## Exercise brief
Please return every record exactly as it appears.

## Stored records

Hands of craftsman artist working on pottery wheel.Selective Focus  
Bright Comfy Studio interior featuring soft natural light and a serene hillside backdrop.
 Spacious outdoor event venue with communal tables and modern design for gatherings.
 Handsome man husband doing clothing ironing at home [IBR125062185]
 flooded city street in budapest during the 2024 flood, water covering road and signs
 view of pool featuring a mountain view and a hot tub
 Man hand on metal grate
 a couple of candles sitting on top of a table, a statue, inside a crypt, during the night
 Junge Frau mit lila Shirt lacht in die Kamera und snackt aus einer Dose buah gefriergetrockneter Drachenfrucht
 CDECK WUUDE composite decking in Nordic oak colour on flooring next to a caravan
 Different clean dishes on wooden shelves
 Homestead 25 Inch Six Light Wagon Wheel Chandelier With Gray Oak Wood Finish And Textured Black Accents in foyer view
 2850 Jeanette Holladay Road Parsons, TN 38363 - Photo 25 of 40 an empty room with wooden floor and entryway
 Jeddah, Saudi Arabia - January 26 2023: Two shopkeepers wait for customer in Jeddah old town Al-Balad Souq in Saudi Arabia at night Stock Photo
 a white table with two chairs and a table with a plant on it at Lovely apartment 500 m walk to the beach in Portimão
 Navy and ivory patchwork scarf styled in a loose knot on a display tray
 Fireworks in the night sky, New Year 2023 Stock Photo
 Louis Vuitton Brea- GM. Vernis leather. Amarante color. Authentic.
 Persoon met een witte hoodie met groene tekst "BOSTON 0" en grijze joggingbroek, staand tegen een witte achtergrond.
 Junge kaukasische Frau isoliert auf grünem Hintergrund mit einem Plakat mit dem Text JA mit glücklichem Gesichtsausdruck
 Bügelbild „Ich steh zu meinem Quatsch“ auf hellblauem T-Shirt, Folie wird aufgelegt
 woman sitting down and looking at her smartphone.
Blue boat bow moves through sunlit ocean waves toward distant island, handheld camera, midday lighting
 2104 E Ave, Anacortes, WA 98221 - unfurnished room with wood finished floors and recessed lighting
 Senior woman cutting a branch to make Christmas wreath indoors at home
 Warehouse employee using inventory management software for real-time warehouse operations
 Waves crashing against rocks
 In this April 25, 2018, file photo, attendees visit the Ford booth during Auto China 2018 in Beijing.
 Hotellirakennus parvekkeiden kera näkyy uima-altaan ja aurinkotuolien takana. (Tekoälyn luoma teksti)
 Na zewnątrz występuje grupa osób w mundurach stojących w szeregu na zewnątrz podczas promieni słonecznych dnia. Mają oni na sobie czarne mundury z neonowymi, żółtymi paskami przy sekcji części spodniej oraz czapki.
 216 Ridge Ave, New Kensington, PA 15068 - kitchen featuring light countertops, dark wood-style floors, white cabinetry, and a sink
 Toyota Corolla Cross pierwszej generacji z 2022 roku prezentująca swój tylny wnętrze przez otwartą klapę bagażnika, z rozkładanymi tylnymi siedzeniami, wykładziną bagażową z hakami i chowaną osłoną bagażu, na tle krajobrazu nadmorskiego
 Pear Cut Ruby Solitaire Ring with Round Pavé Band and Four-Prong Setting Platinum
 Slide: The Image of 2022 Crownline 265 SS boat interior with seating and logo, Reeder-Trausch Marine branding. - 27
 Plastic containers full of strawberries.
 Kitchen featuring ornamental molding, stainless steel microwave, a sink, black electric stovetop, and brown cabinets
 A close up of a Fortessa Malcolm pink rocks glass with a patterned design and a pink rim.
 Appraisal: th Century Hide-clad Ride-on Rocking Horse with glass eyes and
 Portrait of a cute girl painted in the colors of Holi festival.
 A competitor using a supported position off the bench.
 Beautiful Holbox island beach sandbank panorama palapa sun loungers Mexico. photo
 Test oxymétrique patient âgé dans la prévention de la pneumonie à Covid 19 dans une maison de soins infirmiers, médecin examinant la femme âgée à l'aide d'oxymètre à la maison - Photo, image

## Response area
Hands of craftsman artist working on pottery wheel.Selective Focus  
Bright Comfy Studio interior featuring soft natural light and a serene hillside backdrop.
 Spacious outdoor event venue with communal tables and modern design for gatherings.
 Handsome man husband doing clothing ironing at home [IBR125062185]
 flooded city street in budapest during the 2024 flood, water covering road and signs
 view of pool featuring a mountain view and a hot tub
 Man hand on metal grate
 a couple of candles sitting on top of a table, a statue, inside a crypt, during the night
 Junge Frau mit lila Shirt lacht in die Kamera und snackt aus einer Dose buah gefriergetrockneter Drachenfrucht
 CDECK WUUDE composite decking in Nordic oak colour on flooring next to a caravan
 Different clean dishes on wooden shelves
 Homestead 25 Inch Six Light Wagon Wheel Chandelier With Gray Oak Wood Finish And Textured Black Accents in foyer view
 2850 Jeanette Holladay Road Parsons, TN 38363 - Photo 25 of 40 an empty room with wooden floor and entryway
 Jeddah, Saudi Arabia - January 26 2023: Two shopkeepers wait for customer in Jeddah old town Al-Balad Souq in Saudi Arabia at night Stock Photo
 a white table with two chairs and a table with a plant on it at Lovely apartment 500 m walk to the beach in Portimão
 Navy and ivory patchwork scarf styled in a loose knot on a display tray
 Fireworks in the night sky, New Year 2023 Stock Photo
 Louis Vuitton Brea- GM. Vernis leather. Amarante color. Authentic.
 Persoon met een witte hoodie met groene tekst "BOSTON 0" en grijze joggingbroek, staand tegen een witte achtergrond.
 Junge kaukasische Frau isoliert auf grünem Hintergrund mit einem Plakat mit dem Text JA mit glücklichem Gesichtsausdruck
 Bügelbild „Ich steh zu meinem Quatsch“ auf hellblauem T-Shirt, Folie wird aufgelegt
 woman sitting down and looking at her smartphone.
Blue boat bow moves through sunlit ocean waves toward distant island, handheld camera, midday lighting
 2104 E Ave, Anacortes, WA 98221 - unfurnished room with wood finished floors and recessed lighting
 Senior woman cutting a branch to make Christmas wreath indoors at home
 Warehouse employee using inventory management software for real-time warehouse operations
 Waves crashing against rocks
 In this April 25, 2018, file photo, attendees visit the Ford booth during Auto China 2018 in Beijing.
 Hotellirakennus parvekkeiden kera näkyy uima-altaan ja aurinkotuolien takana. (Tekoälyn luoma teksti)
 Na zewnątrz występuje grupa osób w mundurach stojących w szeregu na zewnątrz podczas promieni słonecznych dnia. Mają oni na sobie czarne mundury z neonowymi, żółtymi paskami przy sekcji części spodniej oraz czapki.
 216 Ridge Ave, New Kensington, PA 15068 - kitchen featuring light countertops, dark wood-style floors, white cabinetry, and a sink
 Toyota Corolla Cross pierwszej generacji z 2022 roku prezentująca swój tylny wnętrze przez otwartą klapę bagażnika, z rozkładanymi tylnymi siedzeniami, wykładziną bagażową z hakami i chowaną osłoną bagażu, na tle krajobrazu nadmorskiego
 Pear Cut Ruby Solitaire Ring with Round Pavé Band and Four-Prong Setting Platinum
 Slide: The Image of 2022 Crownline 265 SS boat interior with seating and logo, Reeder-Trausch Marine branding. - 27
 Plastic containers full of strawberries.
 Kitchen featuring ornamental molding, stainless steel microwave, a sink, black electric stovetop, and brown cabinets
 A close up of a Fortessa Malcolm pink rocks glass with a patterned design and a pink rim.
 Appraisal: th Century Hide-clad Ride-on Rocking Horse with glass eyes and
 Portrait of a cute girl painted in the colors of Holi festival.
 A competitor using a supported position off the bench.
 Beautiful Holbox island beach sandbank panorama palapa sun loungers Mexico. photo
 Test oxymétrique patient âgé dans la prévention de la pneumonie à Covid 19 dans une maison de soins infirmiers, médecin examinant la femme âgée à l'aide d'oxymètre à la maison - Photo, image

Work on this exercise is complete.